Uncertainty in the industry is the major obstacle to recovery. Farmers find it difficult to plan their business--farms are businesses, and they need business plans--bankers do not have much confidence in farming incomes in the future, and costs may be visited upon farming businesses at any time.

In addition, there are the potential problems of planning, which have been aired in the debate. Planning will play a critical part in the process of recovery and diversification. It will be possible to put some pieces of land to alternative uses, but not all.

Only this week I have been trying to assist a constituent who was a pig farmer and who is now hoping to be able to build an observatory. There is still some quite clear air in Cornwall and occasionally, when it is not raining, there is a clear sky. There are good opportunities for those people who want to spend a few days learning about the stars, for example.

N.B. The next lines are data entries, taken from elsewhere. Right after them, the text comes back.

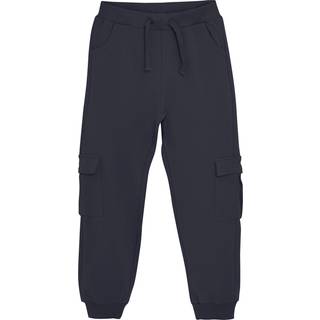 Minymo Bukser Sweat - 7899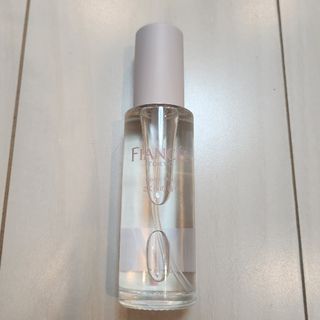 フィアンセ(FIANCEE)のフィアンセ ボディミスト さくらの香り N 50ml(その他)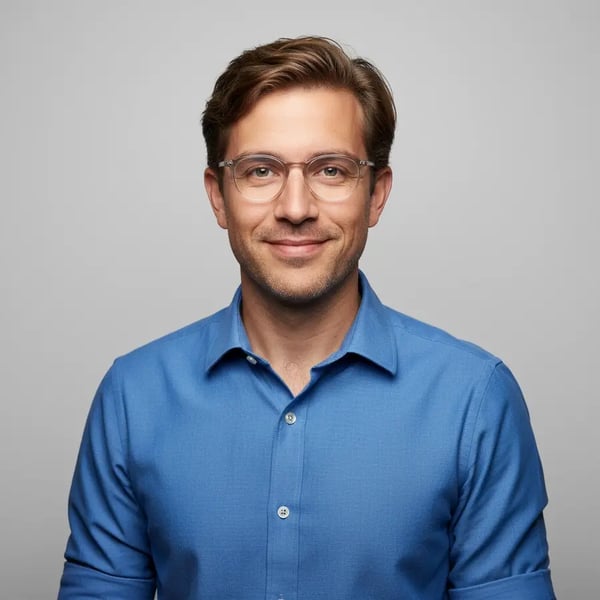 Freiberuflicher Freelance SAP Security Berater - ab sofort buchbar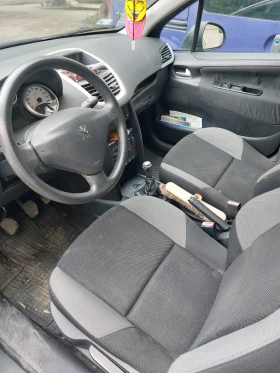Peugeot 207 - 2100 лв. - 70768981 14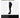 ALPHA GYM MOVE Women Leggings – Sizes and Fit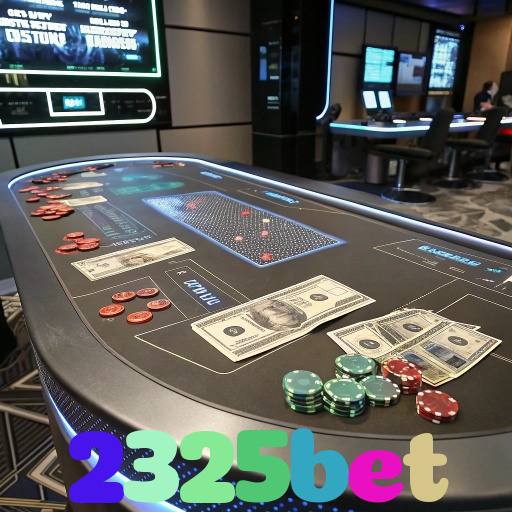  2325bet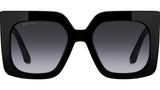 0075/S 807 9O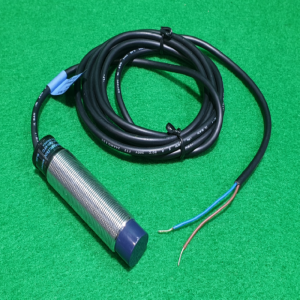 노59187/미사용원주형근접센서/CUP-18R-8FC/한영넉스
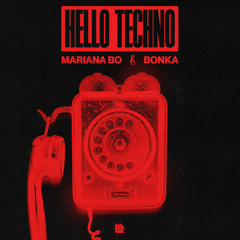 Hello Techno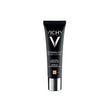 Vichy - Dermablend 3D Corection 16h SPF 25 30 ml - Feel You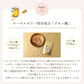 【訳あり：賞味期限12月27日まで】お母さんのためのロイヤルゼリー3000 ( 30粒入10日分 )  デセン酸1,050mg/袋! 【美容 健康 アミノ酸 タンパク ビタミン】【母の日SALE】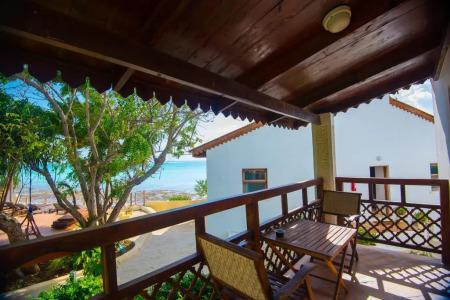 Warere Beach - 46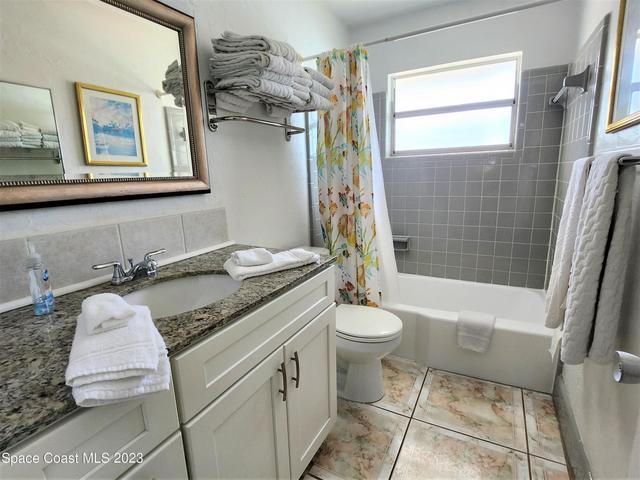 400-402 Jackson Avenue, Cape Canaveral, FL, 32920 photo 41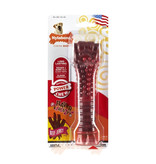 Nylabone Power Chew Beef Jerky Kluif XL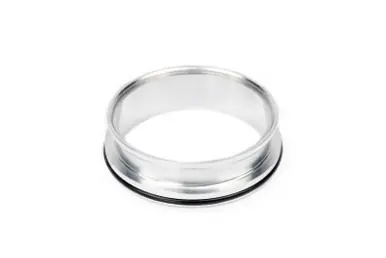 AMS Performance QuickClamp 3.5in O-Ring - AMS.00.09.3504-1 Buy Online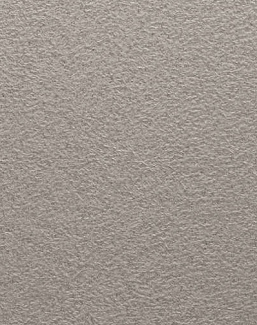 Обои Vescom Textile Wallcovering VII 2616-44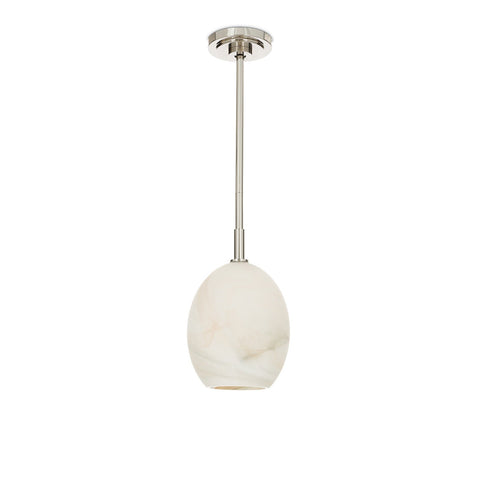 Artemis Ambient Modern Pendant Light Ceiling Light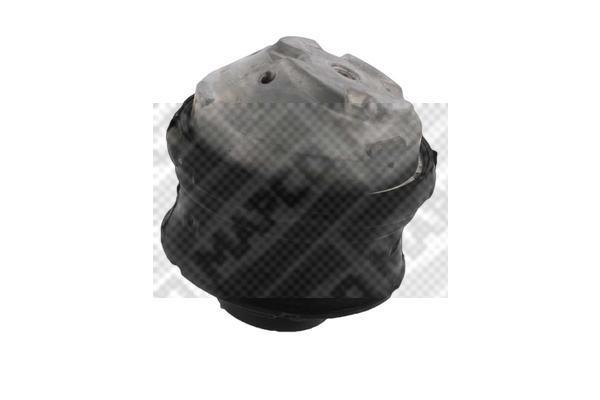 Suporte do motor MAPCO 36885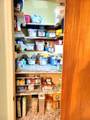 385 92nd Street - Photo 26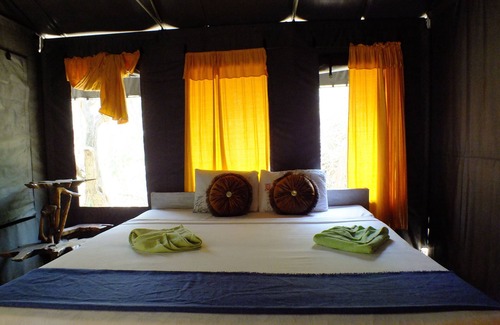 Tissamaharama Other | Jungle House Yala
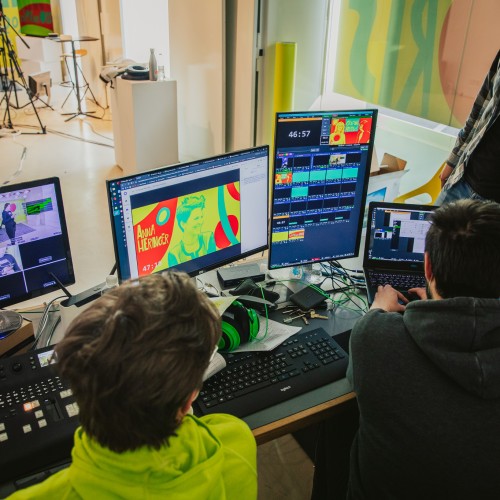 162653688_1832236550265434_1280005285552110742_o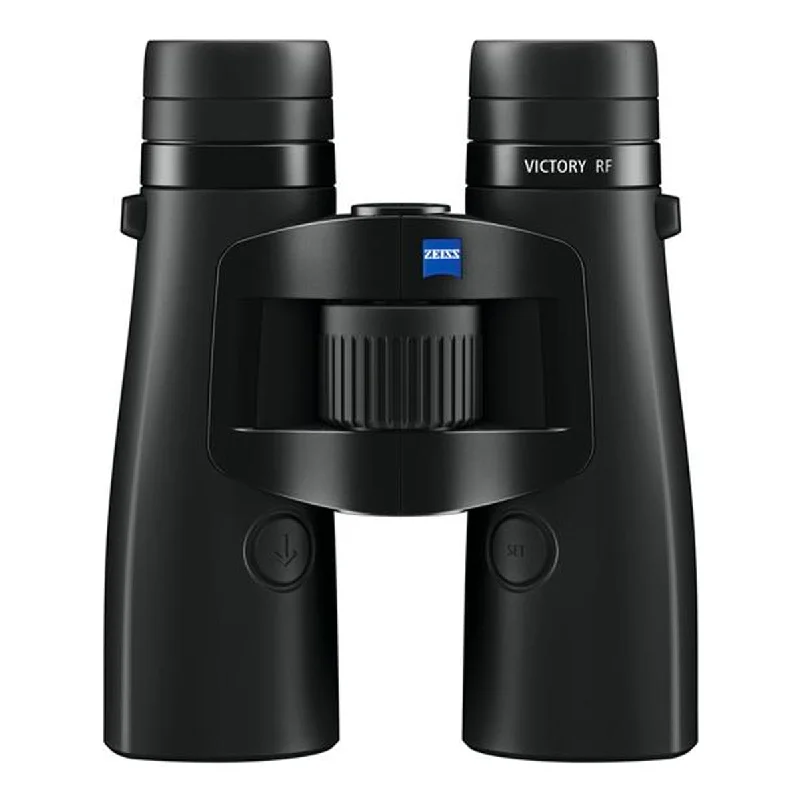 Zeiss Victory RF 8x42 Rangefinding Binocular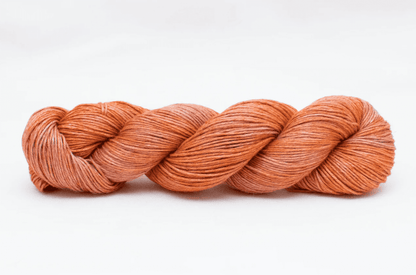 Queen City Yarns Coleman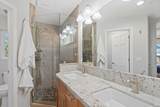 5959 Bodega Avenue - Photo 14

There have been negotiations for seven, eight or nine months on the building of an observatory and the provision of some farming accommodation. It is difficult to imagine the problems that have ensued. I am certain that the planning officers are following planning guidance to the letter, but whether they are doing any great favours to the area in which they are operating needs to be questioned.

The farm summit was the Government's attempt to help the industry back on to its feet. It was welcome, but a few months on we are waiting for the money. Farmers are waiting to see how they can get their hands on it so that they can keep their business together and continue to face the bank manager and their suppliers. Gaps have appeared following the summit, and when the Minister of State replies she might address them.

For example, the aid announced for hill farmers is less than they were receiving in some instances. Some of the aid will have to be used for consultancy. It will not go direct to farmers, but it will enable them to obtain a consultant's report.

I have tried to quantify the money that will be made available for marketing. I agree with the Government that as farm subsidies are reduced, it is vital that we concentrate on the demand side and increase it. Marketing will play a significant part in that process. The marketing budget of a major plc is often up to six times as much as the money that agriculture will supposedly be able to use to market produce in the UK and abroad, a sum which is entirely inadequate. That is not to say that we do not welcome it or that we eschew it, but enormous sums are being spent on marketing and the industry should have proportionate funds.